| | In answer to my question about his background, Laj replied,
"I'm Nigerian. When I started posting on SOLO, I initially didn't use my real name partly because I have a couple of relatives who are hardcore Objectivists (ARI types) and also because my name is so foreign. Now I do use it, risks and all, and it's hilarious that The-Great-Infector who went bananas about my not giving my real name now goes bananas complaining that my real name is not my real name.
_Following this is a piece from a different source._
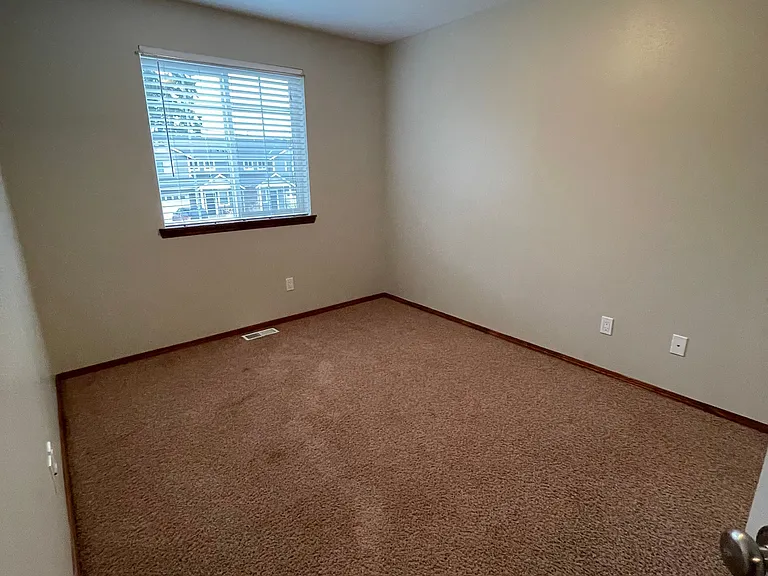 18827 43rd Dr NE #2 — Photo 14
I guess that I can't win."
Fascinating! How many Nigerian (or African) Objectivists do you think there are? It would be interesting to see the percentage of Objectivists in other countries. Most are probably in the U.S. But I'm always encouraged when I meet Objectivists (and libertarians) from other lands. Btw, who is The-Great-Infector?
I wrote: "If 'truth' is the correspondence of a proposition to reality, then whether or not the proposition is true has nothing whatever to do with how similar people's minds and brains are. It has only to do with whether or not the proposition correctly describes what it purports to describe."
You replied, "Yes, but how does that make my argument that some propositions are only true if they describe what people think, and that judgments about what people think, even when true or in error, are a part of reality? What people think can change, so the truth can change. This doesn't destroy objectivity, but it can make objectivity a much more complicated question for people who want to answer empirical questions.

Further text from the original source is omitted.